Scoring points comes primarily from the pyramids you own at the end of rounds three and six. Each pyramid built gets you a VP and each set of pyramids ( a set being one pyramid in each of your regions ) scores a bonus of 3 VPs. The player with the most pyramids in one region on the East and West of the Nile gains 5 VPs and a player whose regions contain a Temple also get VPs depending on the generosity of the sacrifice to Amun Re. Some of the power cards also give VPs if the player succeeds in fulfilling certain conditions and that's it. After the first scoring, ownership of the regions dies and the same regions come up for auction again during the second three turns. After the second scoring, players may gain up to 6 extra VPs depending on how much money they have left and then the person with the most VPs wins.

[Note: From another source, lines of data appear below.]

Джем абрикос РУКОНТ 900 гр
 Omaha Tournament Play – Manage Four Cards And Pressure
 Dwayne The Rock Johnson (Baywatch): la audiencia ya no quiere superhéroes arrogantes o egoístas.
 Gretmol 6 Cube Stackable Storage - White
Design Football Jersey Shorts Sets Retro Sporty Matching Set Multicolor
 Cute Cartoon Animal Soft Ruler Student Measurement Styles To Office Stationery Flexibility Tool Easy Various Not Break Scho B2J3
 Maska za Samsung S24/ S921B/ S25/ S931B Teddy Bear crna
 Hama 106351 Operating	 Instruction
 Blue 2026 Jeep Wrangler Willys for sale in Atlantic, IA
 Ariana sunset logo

In our game, Nige benefited early on from having played before and knowing the relative benefits of the various regions. However, playing with just three players meant that those regions with "camel harvests" were more valuable than in a four or five player game because the sacrifice almost always was less than 13 and so the camel harvest almost always paid out. I recognised this and opted to take Avaris in the first turn rather than increase the bidding on areas that looked more valuable (due to free power cards / stones). By the end of the third turn, Nige had built loads of pyramids in his regions and had the most pyramids on the East and equal most on the West of the Nile. ( I could have denied him a tie in the West but had misinterpreted the rule and thought that only the region with the most pyramids on the whole of the board got the bonus, so I used an action to do something else rather than buy an extra stone to break the tie). What I did do though was gain 33 income in the harvest phase of the third turn to set myself up for the second half of the game. Nige ran away with the lead after the first scoring with 23 VPs to my 13 and Mark K's 3.
In the second half, I used my new-found wealth to seize two of the three regions with the most pyramids and was aiming in the final round to grasp the region with the most pyramids. However, the bidding went against me, a power card messed up my plans and I was forced into the worst region of the three available. The one saving grace was that it meant all my regions were on the West of the Nile and I had the right power card to claim three bonus VPs. They were also all on the banks of the Nile and I subsequently drew that bonus power card as well. Mark K recovered well and scored highly in the second scoring round as well as taking the 6 VPs for most money. I had the second most gaining me 4 VPs to Nige's 2. This brought our total VPs level, which had looked highly unlikely at the end of the first scoring and almost impossible when I had lost out in the final bidding round. However, the tie-break rule of most pyramids led to me securing a very pleasing win, while Nige was gutted at having his convincing lead overturned.
We all felt this to be another great Reiner Knizia game. Whether it has the staying power of some of his other successes remains to be seen but we found it to be very involving, no down-time to speak of and the close finish was nail-biting.